Historical lexicography and etymology
The INT makes the following historical dictionaries available through a single online search application. Together, these dictionaries describe the Dutch vocabulary from around 500 to 1976, and the Frisian vocabulary from 1800 to 1975. They are also available at the European dictionary portal:
- Oudnederlands Woordenboek (ONW, Dictionary of Old Dutch) 500-1200
- Vroegmiddelnederlands Woordenboek (VMNW, Dictionary of Early Middle Dutch) 1200-1300
- Middelnederlandsch Woordenboek (MNW, Dictionary of Middle Dutch) 1250-1550
- Woordenboek der Nederlandsche Taal (WNT, Dictionary of the Dutch Language) 1500-1976
- Woordenboek der Friese Taal (WFT, Dictionary of the Frisian Language) 1800-1975.
Furthermore, the INT also hosts the platform Etymologiebank, which contains the most important etymological publications on Dutch.
Historical lexica
The lemmata and quotations of the historical Dutch dictionaries are stored in a central database, GiGaNT, which contains a historical component (Hilex) and a modern component (Molex).
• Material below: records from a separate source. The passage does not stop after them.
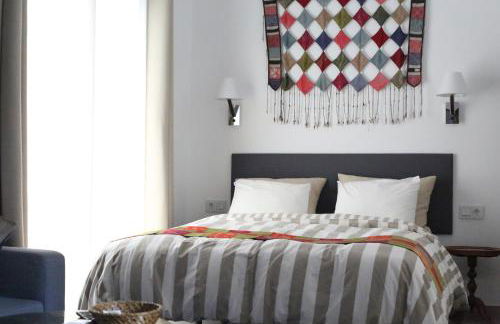 Casa de la Fra - Foto 23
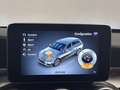Mercedes-Benz C 400 T 4Matic AMG Line LED Pano Leder ACC Navi Silber - thumbnail 27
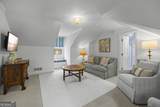 5727 Mountain Oak Drive - Photo 24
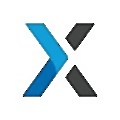 Flexera
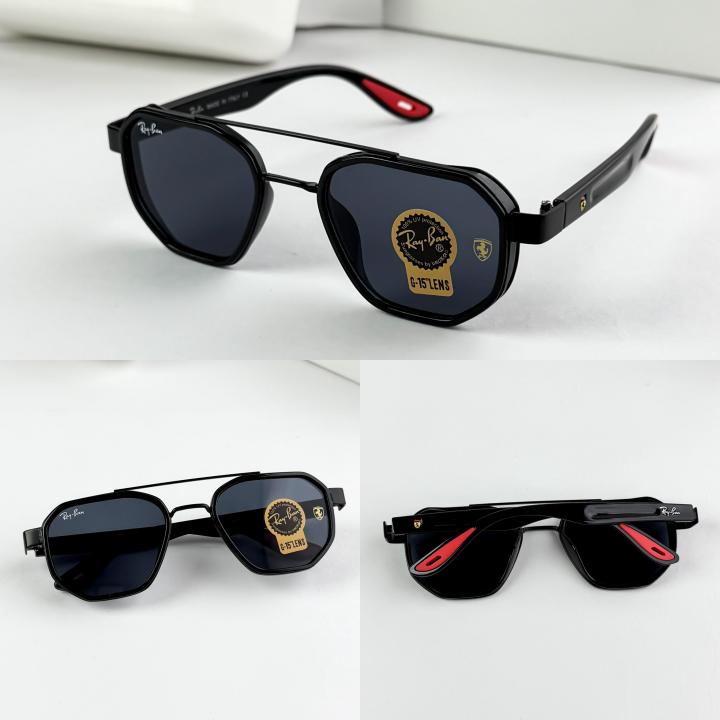 Rayban sunglass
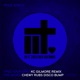 Free Your Mind The Remixes EP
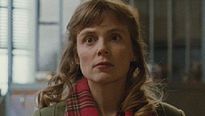 <strong>Les Emotifs anonymes</strong> Extrait vidéo (2) VF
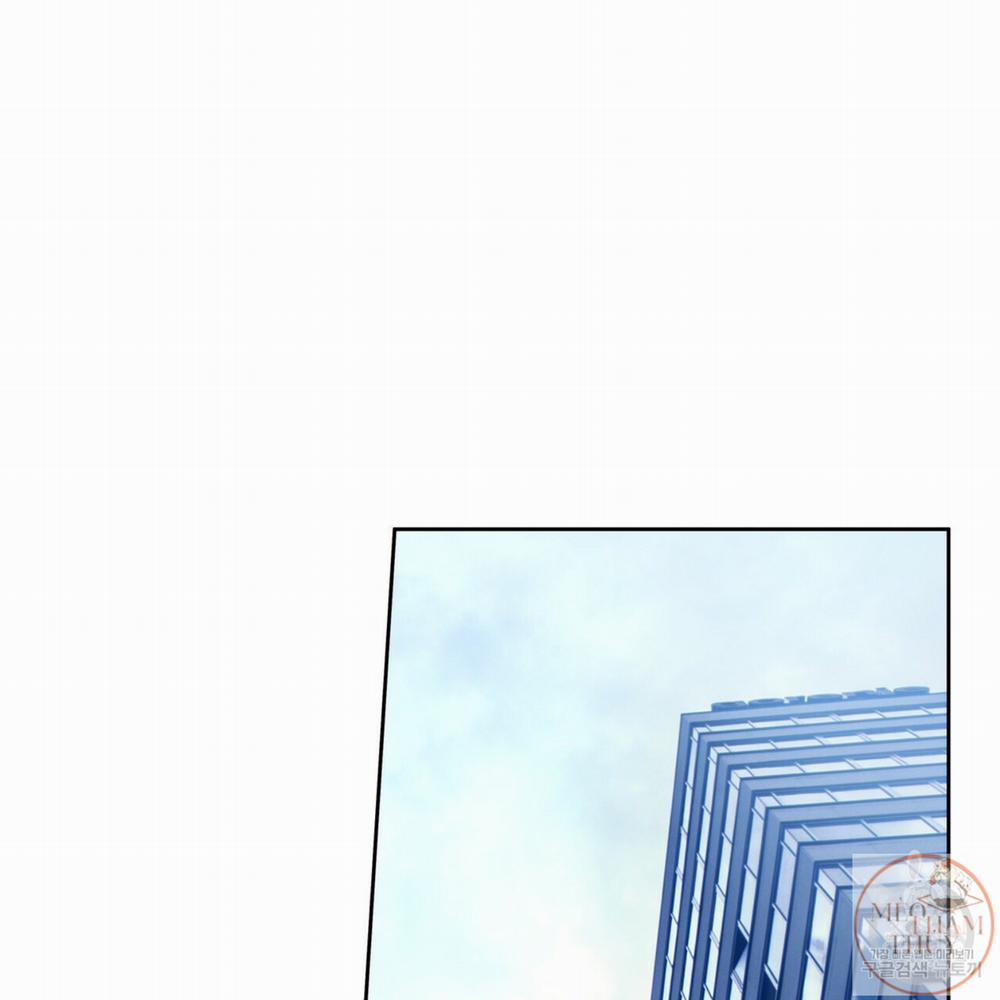 A Thousand Miles Across The River: Qin Chuan And Zhixia 3 trang 46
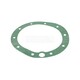 JEU JOINTS POUR PONT ARR. BAGUE ABS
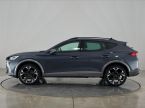 Cupra Formentor - fotka číslo 2
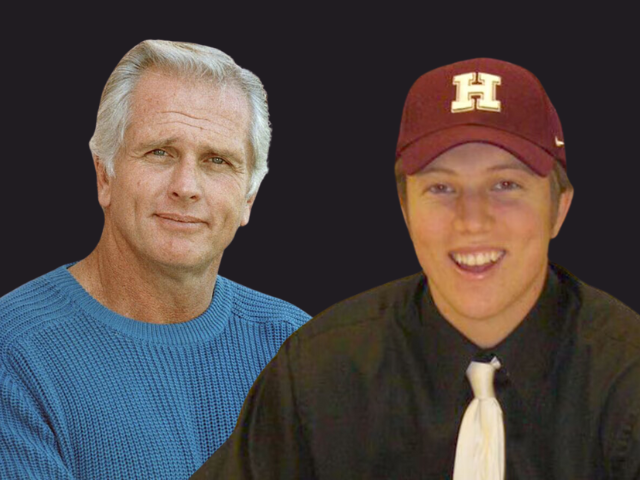 with ron ely s passing what becomes of his pursuit of justice for his son s police related death with ron ely s passing what becomes of his pursuit of justice for his son s police related death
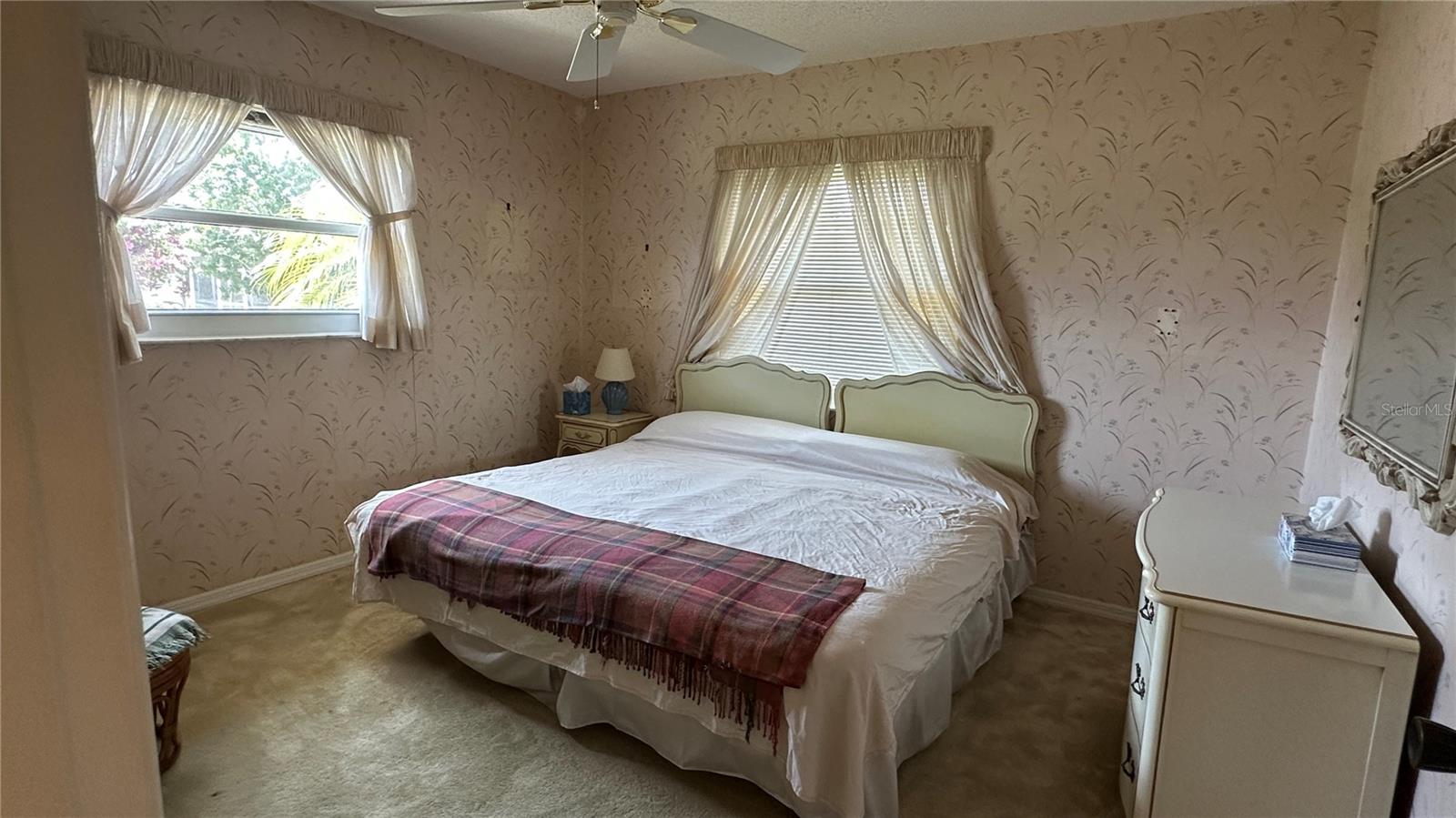 Image 10 of 20 For 205 Strong Bow Court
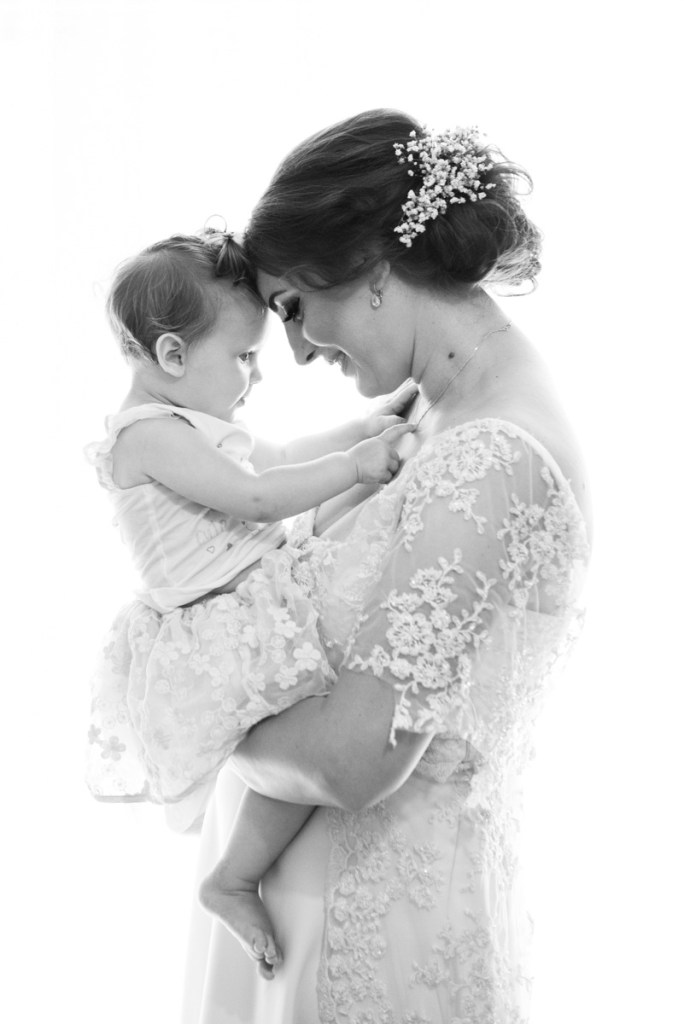 Φωτογράφος γάμου στην Κω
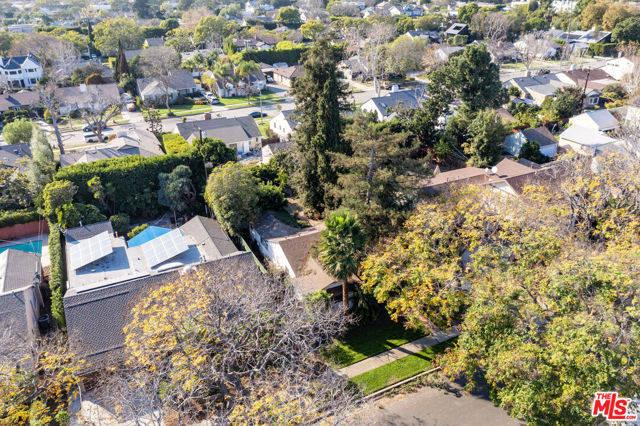 3153 Purdue Avenue, Los Angeles, California 90066, 3 Bedrooms Bedrooms, ,3 BathroomsBathrooms,Single Family Residence,For Sale,Purdue,25479621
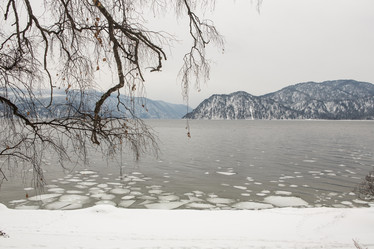 Similar image 21965041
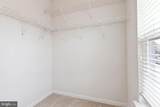 25 Charter Gate Drive - Photo 31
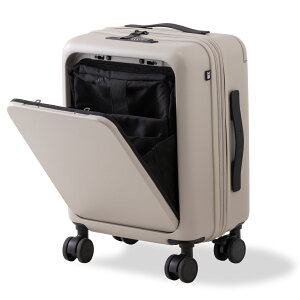 MAIMO tgI[v X[cP[X OJ SPEED U SPEED U plus @ STCY ChL[o[ Xgbp[t L[P[X g@\ XyALX^[ É ϏՌ USB|[g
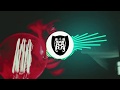Rahul Jain Dil De Diya Hai Chill Trap Remix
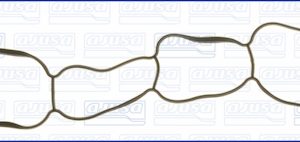 Garnitura galerie admisie AJUSA 01048500 – RENAULT | AutoRival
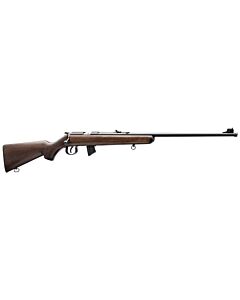 Carabine Norinco JW15 calibre 22 LR Version Bois-1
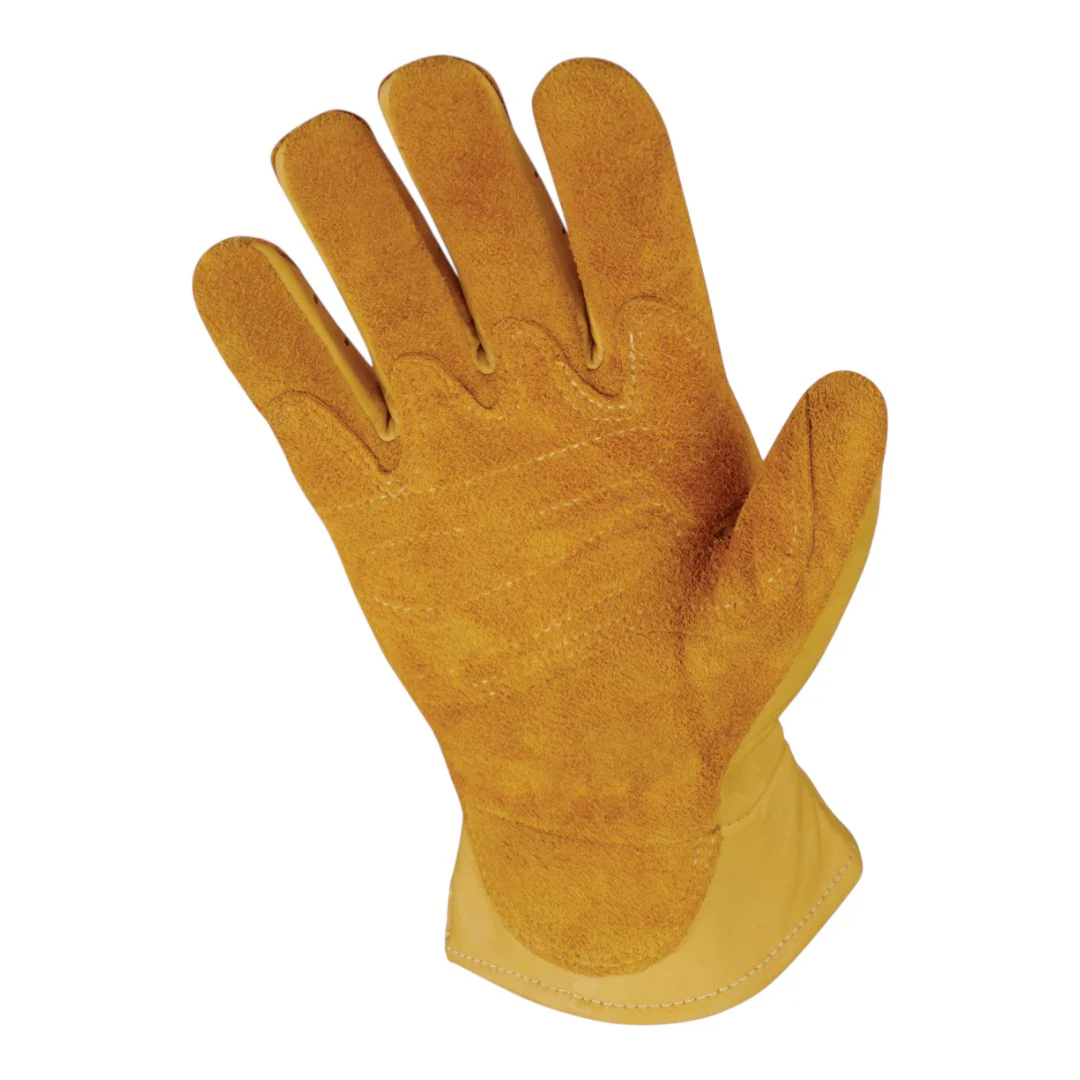 Heritage Ranch Work Glove - Image 2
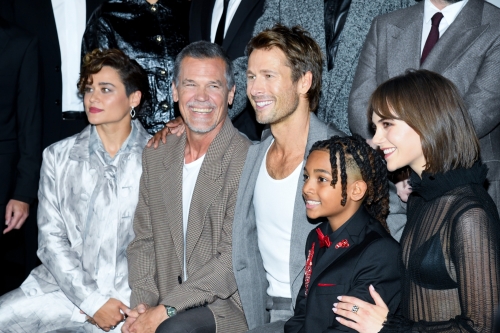 Click to view full size image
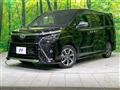 2021 Toyota Voxy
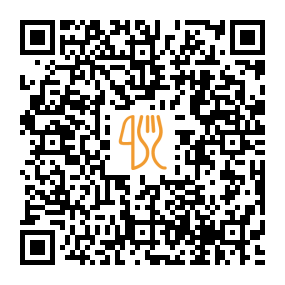 QR-code link către meniul B's Kitchen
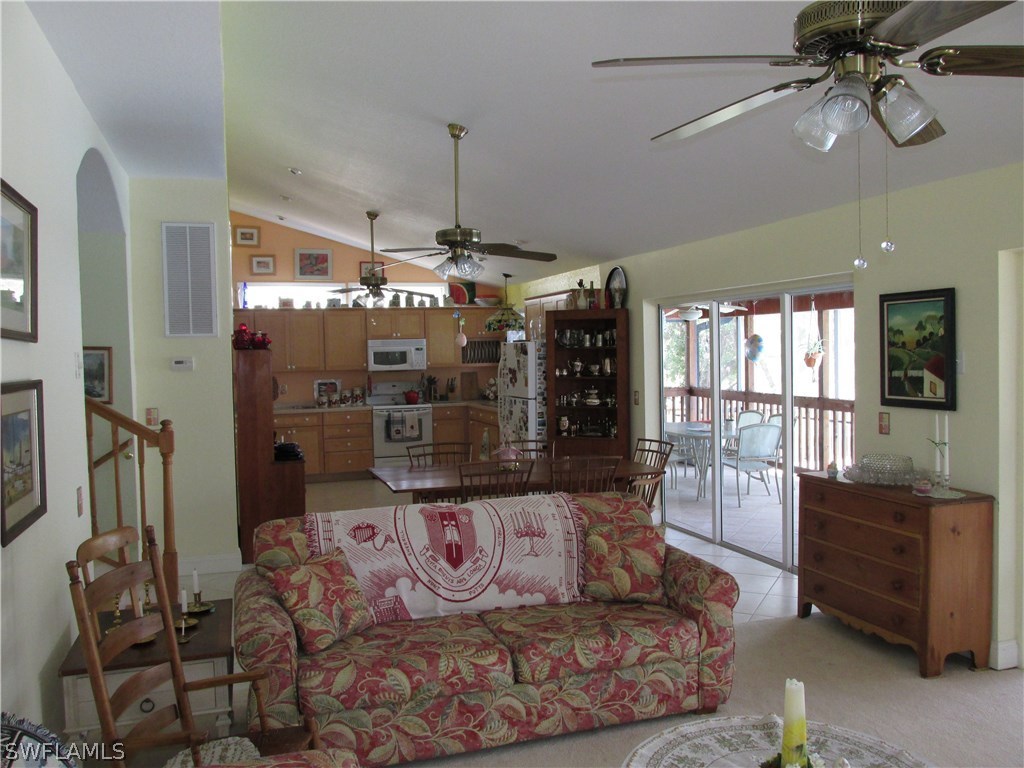 13750 Robert Road Bokeelia, FL 33922 - Photo 6 of 20 Gallery Image 6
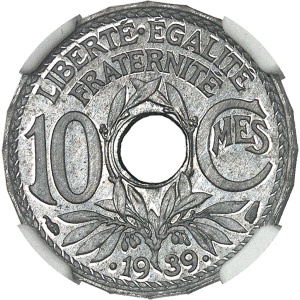 lot 1344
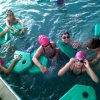 IMG_20190611_104127_1024x740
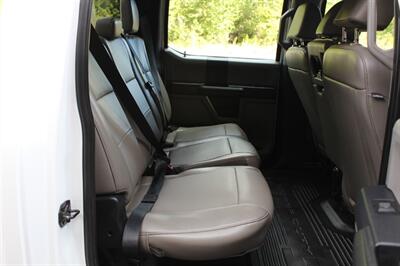 2022 Ford F-250 Super Duty XL   - Photo 13 - Salem, OR 97317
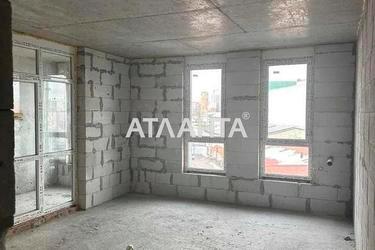 2-комнатная квартира по адресу Хмельницкого Б. Ул. (площадь 80,2 м²) - фото 26 2-комнатная квартира по адресу Хмельницкого Б. Ул. (площадь 80,2 м²) - Atlanta.ua - фото 26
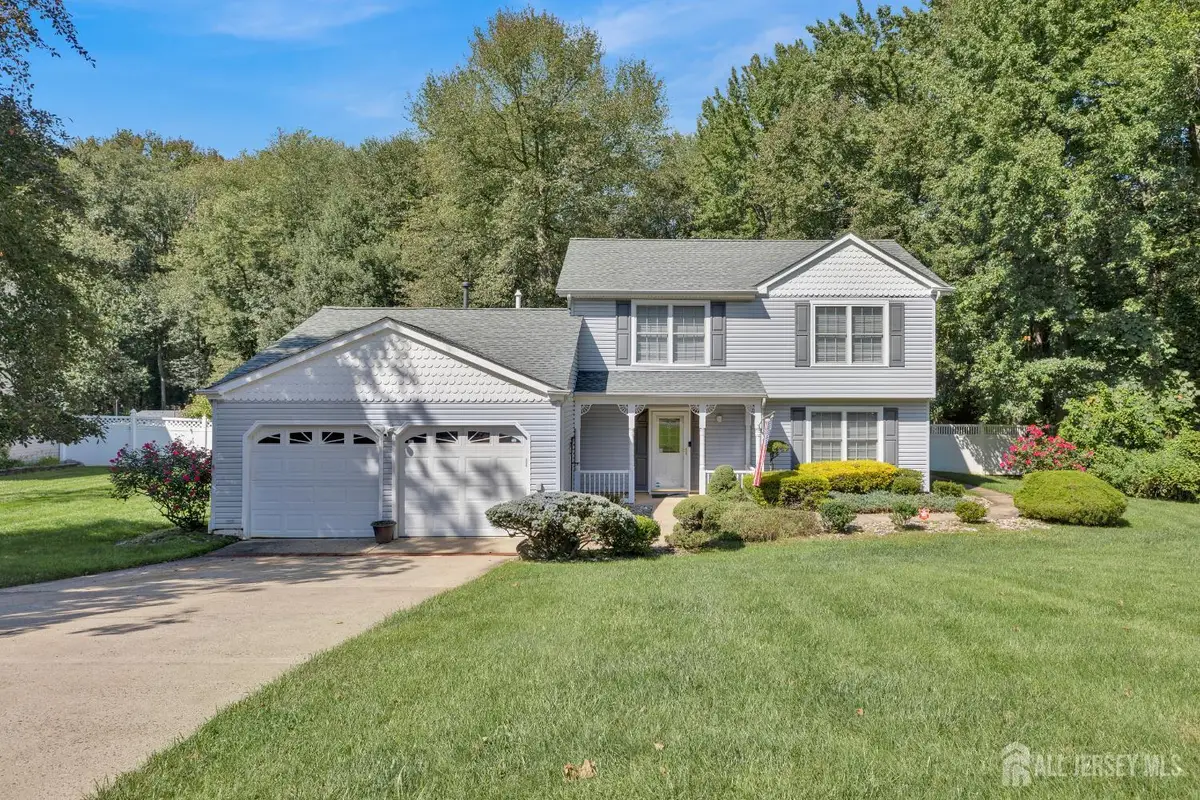 -10 Old Bridge Plaza, Brownville, NJ 08857 - Image #1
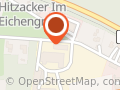 "Firma Stahlbetonfertigteile GmbH Hitzacker"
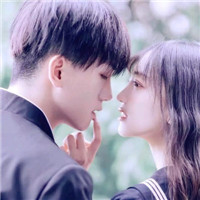 個性頭像女生非主流1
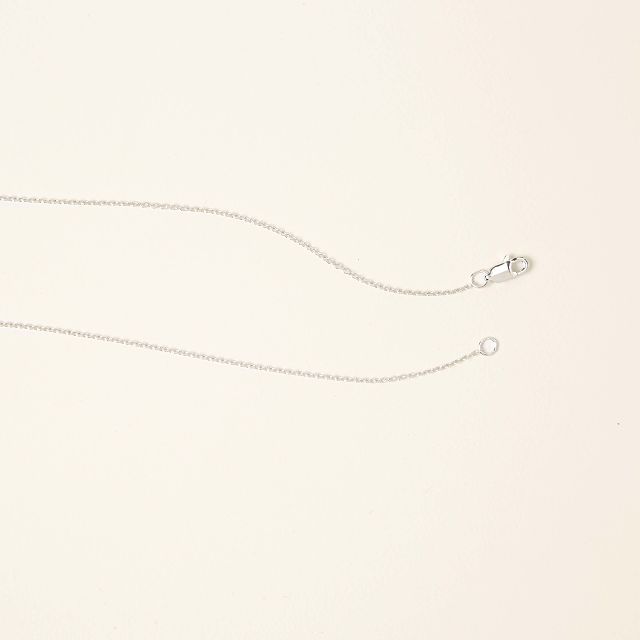 763-i-love-you-necklace-1.jpg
The historical lexicon is linked to the modern lexicon, so that the history of words can be traced through time.
Importantly, this lexicon enables users to search for spelling variants of words in corpora that do not contain lemma or PoS tags. As a semantic layer on top of GiGaNT, DiaMaNT is a computational semantic lexicon that offers diachronic semantic information.
Linguistic annotation
The INT has developed two powerful tools for the automatic enrichment and manual enhancement of linguistic annotation in historical corpora:
- GaLAHaD (Generating Linguistic Annotations for Historical Dutch) provides a flexible environment for automatic enrichment and evaluation of different taggers;
- LAnCeLoT (Linguistic Annotation Corpus Laundry Tool) allows researchers to manually correct and refine enrichments.
The refinements with regards to lemma and PoS have been made in accordance with principles for lemmatization (see lemmatization principles – in Dutch) and PoS tagging (see Tagset voor Diachroon corpusmateriaal van het Nederlands (TDN)).
Datasets
Datasets with data from the 13th up until the 19th century have been linguistically enriched in the context of the CLARIAH+-project. These datasets serve as a golden standard, and they have also been used to train several Huggingface and PIE taggers on a variety of historical data. These datasets are publicly available at GitHub.
Additionally, some of the aforementioned historical corpora are also available as a dataset: Brieven als Buit Golden Standard, Corpus Gysseling (Data) and Corpus Middelnederlands (Data).